Pouco tempo depois, os sócios do banco se desentenderam, e a família Araújo resolveu sair da sociedade para fundar o Banco Nacional do Comércio. Como é comum nesses processos de separação, a direção do Banco Crédito e Comércio do Estado de Minas Gerais, onde Júlio trabalhava, ficou com receio de perder parte de seus funcionários, capitaneada pelos empresários em debandada e em processo de formação de uma nova equipe.

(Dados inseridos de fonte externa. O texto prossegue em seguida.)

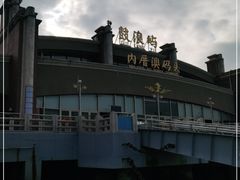 -鼓浪屿内厝澳码头(轮渡站)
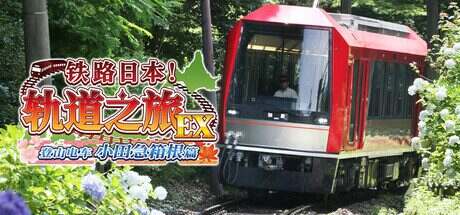 铁路日本!轨道之旅EX 登山电车 小田急箱根篇/Japanese Rail Sim: Hakone Town of Natural Beauty and Hot Springs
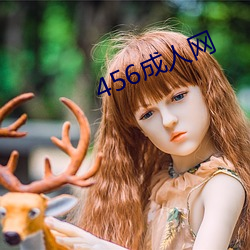 456成人网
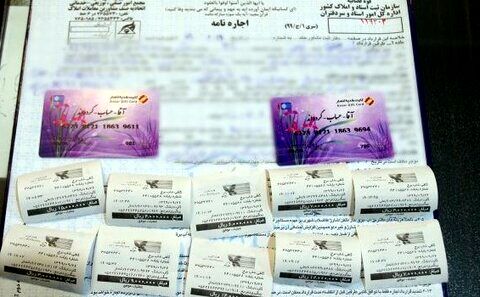 حساب‌هایی که با «مهر» تسویه شد/ آقا حساب کردند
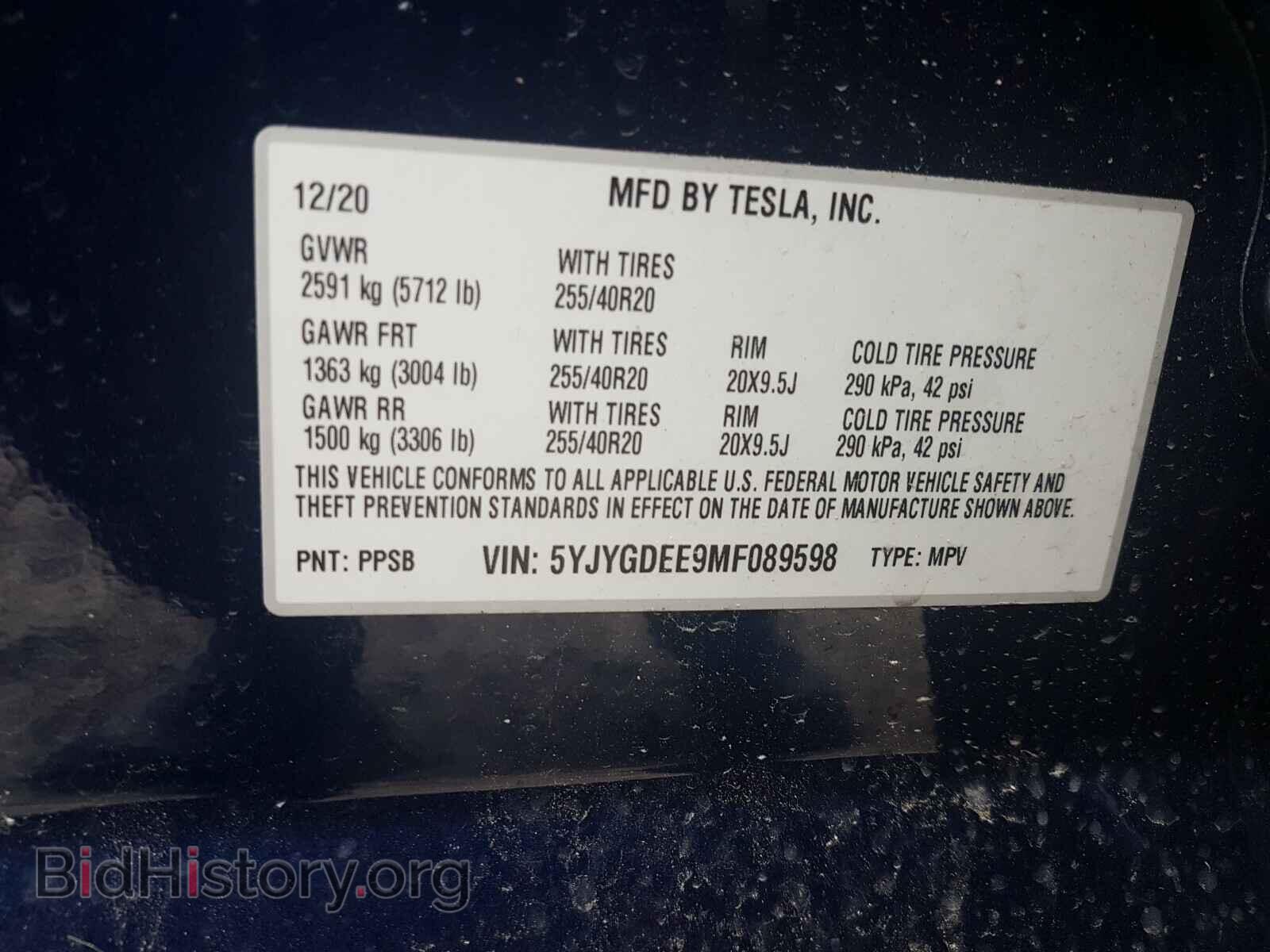 2021 TESLA MODEL Y - VIN: 5YJYGDEE9MF089598 - Фото 10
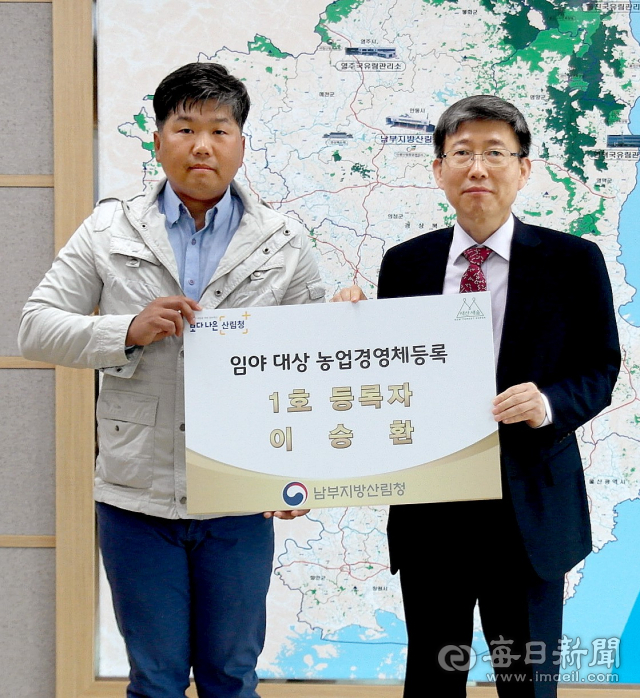 최재성(오른쪽) 남부지방산림청장이 지역 내 임야를 대상으로 한 농업경영체 1호 등록자로 예천에서 떫을감을 재배하고 있는 이승환 씨를 선정, 1호 등록증을 전달하고 있다. 남부지방산림청 제공
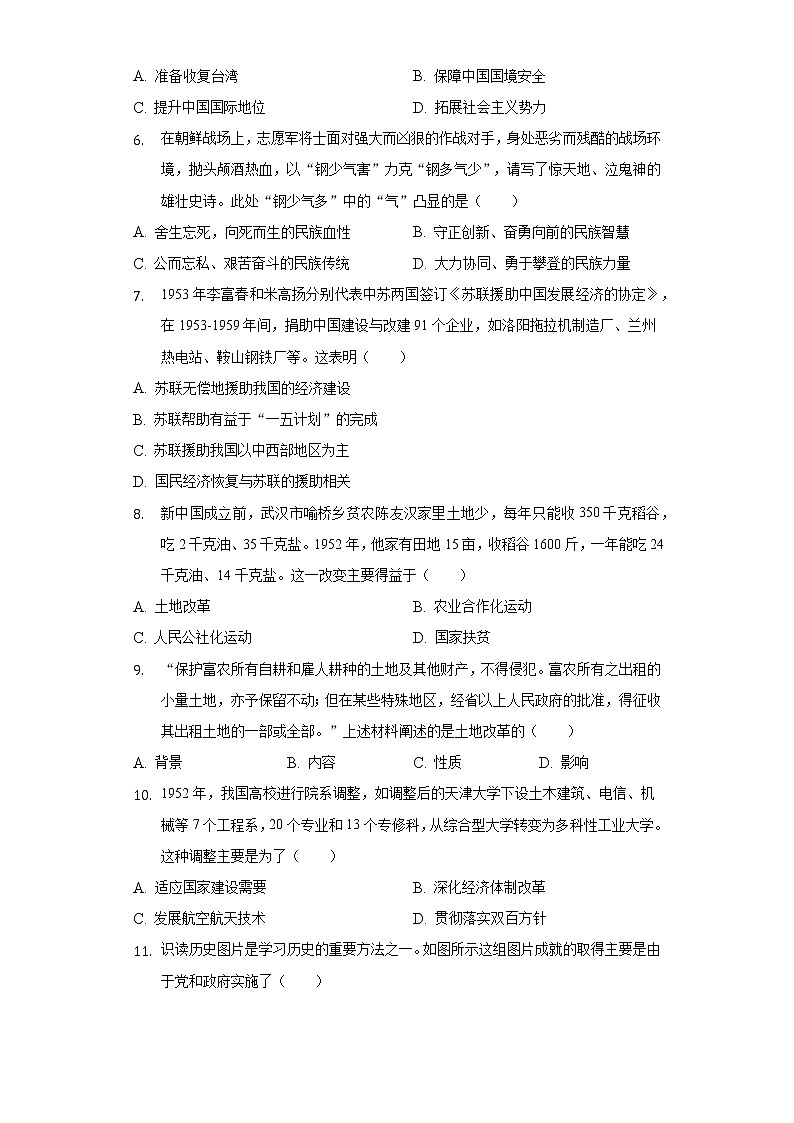 2021-2022学年广东省佛山市南海区桂城街道文翰中学八年级（下）期中历史试卷（含解析）第2页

Por coincidência, Júlio anunciou que estaria saindo do banco, pois era hora de focar nos estudos, uma vez que estava decidido a prestar vestibular para engenharia. Evidentemente, a chefia não acreditou que o motivo era aquele. Logo surgiu o temor de que o funcionário especializado na carteira imobiliária (cuja eficiência ele fora obrigado a provar) fosse levar não só a expertise para o novo banco, mas, principalmente, a clientela, como os irmãos Pianas, que já haviam demonstrado o apreço ao jovem profissional.

Foi quando Júlio ouviu uma proposta feita com a objetividade peculiar do mundo dos negócios. Aquilo fez muito bem não só à sua autoestima, mas também ao seu bolso: “Se você realmente não for para outro banco, nós vamos lhe dar uma quantia significativa de dinheiro. Mas daqui a seis meses, para termos a certeza da promessa cumprida”.

Júlio saiu do banco, não foi para o concorrente, cumpriu o combinado e embolsou todo o dinheiro. Ele não se lembra do valor, mas tem a certeza de que foi bem maior que os 5.000,00 cruzeiros da famosa gratificação.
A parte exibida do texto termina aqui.